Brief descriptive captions
----

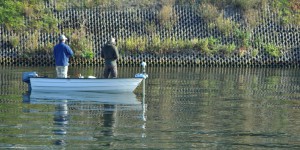 Angler auf der Maas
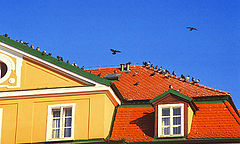 photo "The sky. The roofs. The pigeons."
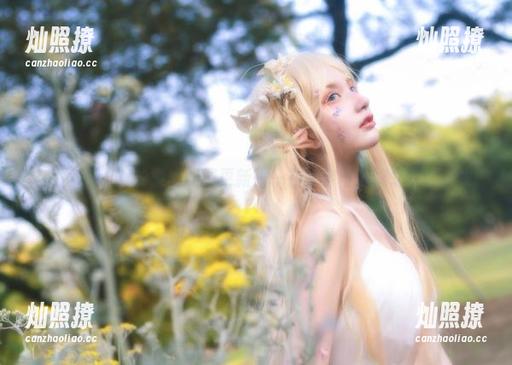 在下萝莉控ii的微博配图更新——在文字与影像之间的迷失.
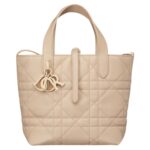 SMALL DIOR TOUJOURS VERTICAL TOTE BAG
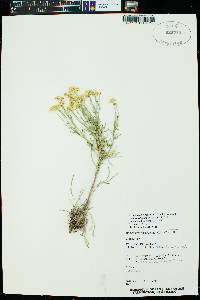 Hymenoxys richardsonii var. floribunda image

----

» Instructions for the task:
Output each line exactly as shown above; no pictures go in the copy.

» Response:
 Angler auf der Maas
 photo "The sky. The roofs. The pigeons."
 在下萝莉控ii的微博配图更新——在文字与影像之间的迷失.
 SMALL DIOR TOUJOURS VERTICAL TOTE BAG
 Hymenoxys richardsonii var. floribunda image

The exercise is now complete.